[[ Task input, beginning ]]

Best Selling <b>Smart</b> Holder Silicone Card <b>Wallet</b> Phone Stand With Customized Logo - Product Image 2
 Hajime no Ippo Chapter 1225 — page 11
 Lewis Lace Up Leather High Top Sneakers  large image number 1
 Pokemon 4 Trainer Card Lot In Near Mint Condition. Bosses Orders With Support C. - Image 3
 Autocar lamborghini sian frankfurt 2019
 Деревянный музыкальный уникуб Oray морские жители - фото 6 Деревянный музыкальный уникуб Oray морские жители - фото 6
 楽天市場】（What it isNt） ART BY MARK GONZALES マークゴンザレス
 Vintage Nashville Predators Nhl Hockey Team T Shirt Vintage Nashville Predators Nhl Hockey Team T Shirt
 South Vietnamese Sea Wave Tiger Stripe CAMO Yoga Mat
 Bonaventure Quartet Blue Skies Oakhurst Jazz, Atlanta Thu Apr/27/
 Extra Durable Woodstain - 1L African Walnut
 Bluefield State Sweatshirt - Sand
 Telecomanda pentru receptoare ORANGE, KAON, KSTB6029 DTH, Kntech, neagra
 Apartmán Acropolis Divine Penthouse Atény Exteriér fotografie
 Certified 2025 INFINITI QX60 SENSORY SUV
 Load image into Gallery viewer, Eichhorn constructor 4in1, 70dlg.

[[ Task input, end ]]

## Directions
For each line in the entries that holds "With", return that line.

## Response area
Best Selling <b>Smart</b> Holder Silicone Card <b>Wallet</b> Phone Stand With Customized Logo - Product Image 2
 Pokemon 4 Trainer Card Lot In Near Mint Condition. Bosses Orders With Support C. - Image 3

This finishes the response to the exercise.